PROTAC repurposing uncovers a noncanonical binding surface that mediates chemical degradation of nuclear receptors

  • Nat Commun. 2025 Nov 6;16(1):9805. doi: 10.1038/s41467-025-64773-5.
Andrew D Huber  1 Wenwei Lin  1 Young-Hwan Jung  1 Shyaron Poudel  1 Guangwei Yang  1 Jing Wu  1 Annalise G Carrigan  1 Vishwajeeth Pagala  2 Wei Wang  2 Yingxue Fu  2 Zuo-Fei Yuan  2 Stephanie D Byrum  2 Ka Yang  3 Rebecca R Florke Gee  1  4 Elizabeth D Arnold  5  6 Allister J Loughran  5  6 Jingheng Wang  1 Shondra M Pruett-Miller  5  6 Junmin Peng  3  7 Taosheng Chen  8
Affiliations
  • 1. Department of Chemical Biology and Therapeutics, St. Jude Children's Research Hospital, Memphis, TN, USA.
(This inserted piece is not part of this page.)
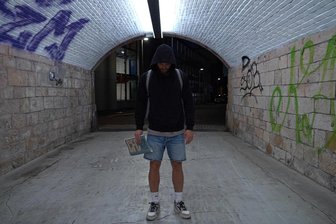Warum der Kapitän des Chemnitzer FC nachts durch die Innenstadt schleicht - Der Mann im Kapuzenpulli, der die Chemnitzer Innenstadt mit Plakaten für den CFC überzieht, gibt sich schließlich als Kapitän Tobias Müller zu erkennen.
  • 2. Center for Proteomics and Metabolomics, St. Jude Children's Research Hospital, Memphis, TN, USA.
  • 3. Department of Structural Biology, St. Jude Children's Research Hospital, Memphis, TN, USA.
  • 4. Graduate School of Biomedical Sciences, St. Jude Children's Research Hospital, Memphis, TN, USA.
  • 5. Department of Cell and Molecular Biology, St. Jude Children's Research Hospital, Memphis, TN, USA.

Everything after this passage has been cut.